EEA & Eionet documentation hub

Browse documentation for IT-systems used by the European Environment Agency and the Eionet network.

Data Dictionary (DD)

Introduction

Data Dictionary (DD) is a web-based data semantics registry for the Reportnet. It holds definitions of datasets, tables and data elements exchanged over the Reportnet, whether by humans or applications. These are called data definitions and DD provides functions to import such definitions in a machine-readable form, manage them through a web-based user interface and export them both in machine and human readable formats. An API for other applications to perform selected operations is also included.

Getting started for users

To get started browsing existing dataset definitions, reference data, schemas and eventually create new- or edit existings ones, see the User guide for instructions.

Getting started for developers

To get started setting up the application, follow the steps outlined below on how to install the application. After having tried it, see the Application architecture guide for a deeper understanding of the architecture and functionality of DD.

To use the API exposed by DD, see the API reference below for an introduction, and Application architecture guide for detailed request and response formats etc.

Features and architecture overview

Main features

The DD implementation covers a database model supporting about ~70% of the data semantics functionality suggested by ISO11179:

  • Part 1 (Framework for the specification of data elements)
  • Part 2 (Classification for Data Elements)
  • Part 3 (Basic Attributes of Data Elements)
  • Part 5 (Naming and Identification Principles for Data Elements)

Part 4 about “Rules and Guidelines for the Formulation of Data Definitions” and part 6 about “Registration of Data Elements” are not directly followed, as found cumbersome for DD needs. Note the above list has not been implemented to the fullest. On top of the ISO functionality-compliant data model, a user interface is implemented for

  • managing definitions of datasets,
  • managing definitions of tables,
  • managing definitions of data elements,
  • managing definitions of metadata (i.e. attributes in DD terminology)

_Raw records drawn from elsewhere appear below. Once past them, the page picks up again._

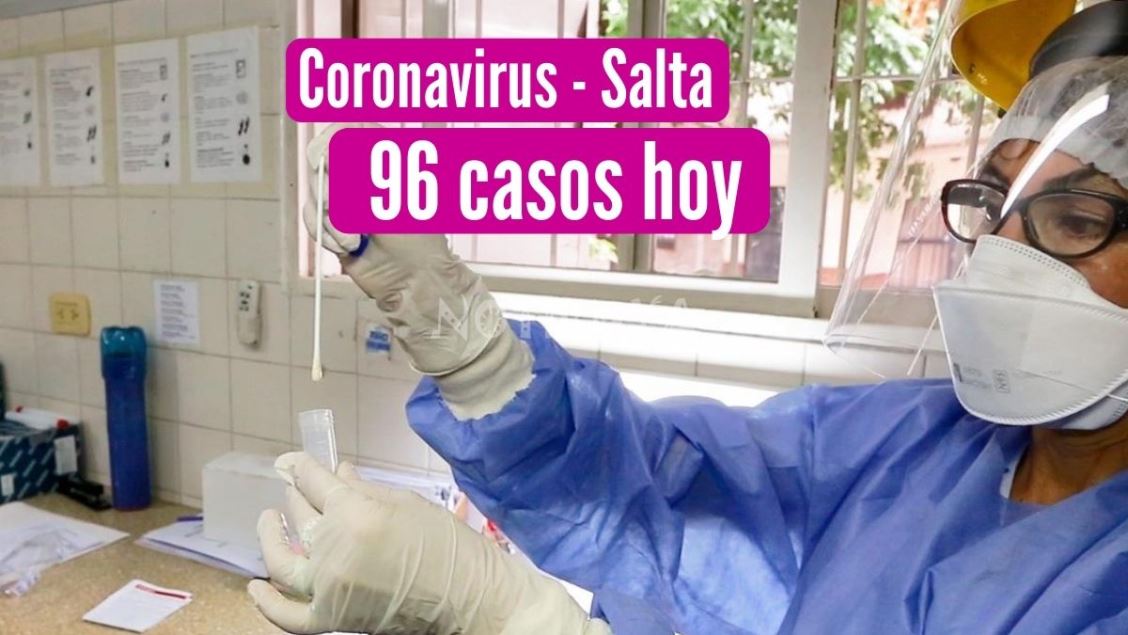 Coronavirus en Salta: 96 casos el 20/08.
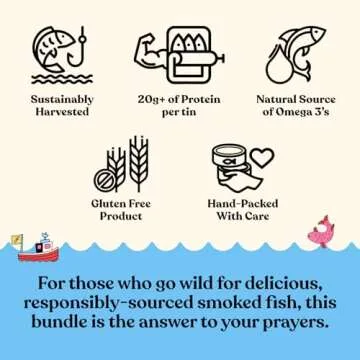 Fishwife Smoked Rainbow Trout 3-Pack (3.7 Ounce) | ASC-Certified Sustainable Seafood, High Protein, Gluten Free | Handpacked in BPA-NI Tins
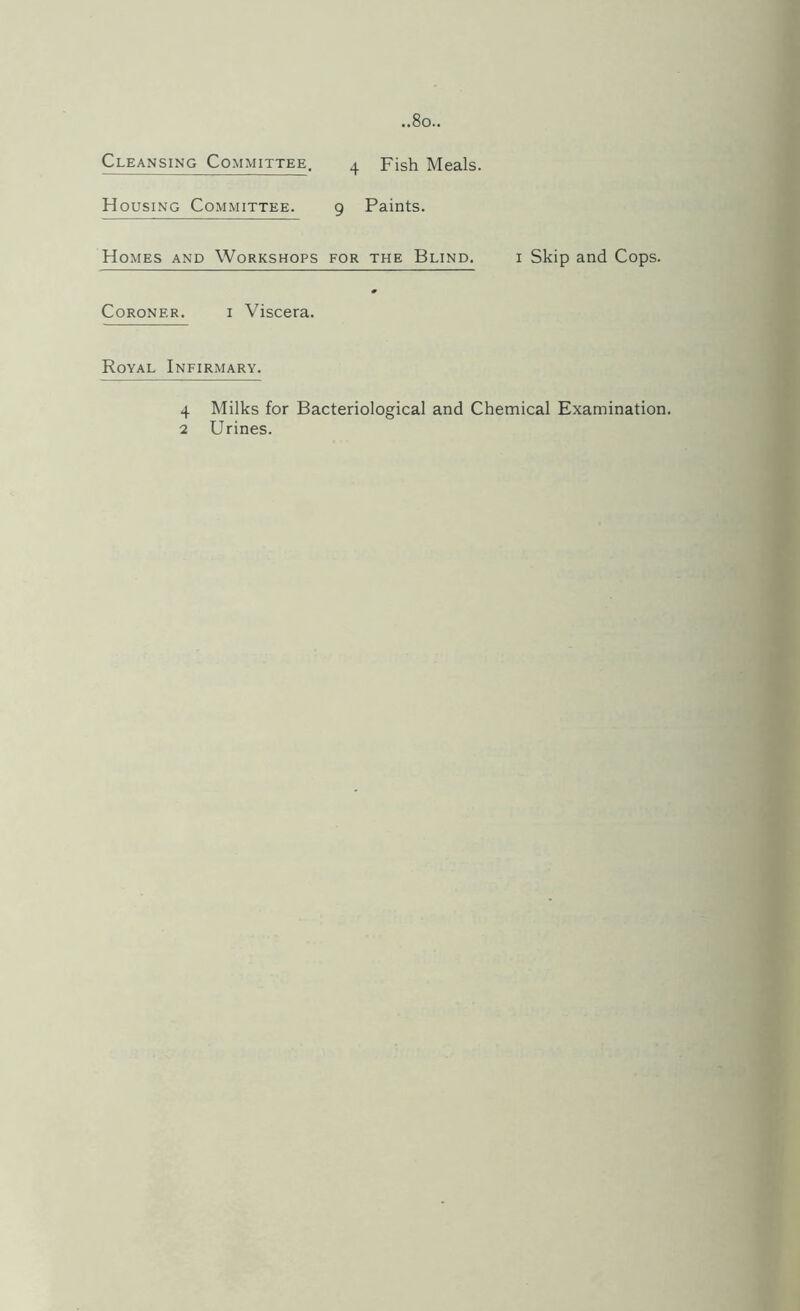Cleansing Committee. ^ Fish Meals. Housing Committee. 9 Paints. Homes and Workshops for the Blind. Coroner. i Viscera. Royal Infirmary. I Skip and Cops. 4 2 Milks for Bacteriological and Chemical Examination. Urines.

Support for representing any of these definitions in XML Schema format has been implemented. However, only a fraction of XML Schema specification is supported. The application supports:

  • Declaration of elements
  • Element annotations
  • Value domain annotations
  • Simple types
  • Restrictions based on simple types
  • Complex types

To enable comfortable data definition process, a trivial Import tool based on MS Access is implemented for managing definitions in a flat table format. The tool generates XML of what has been entered into its tables and the XML is then finally imported into DD database.

Architecture overview

This diagram illustrates the Data Dictionary application and its context.

DD overview

Starting from the bottom, the application is running with the help of an infrastructure service, consisting of a web server, an application server and a database server. The application itself provides three main services to the business, which is the data collection process. This process has two main stakeholders. The goals and drivers of this process are not depicted in this diagram, but the application itself has a goal that is realised by its services.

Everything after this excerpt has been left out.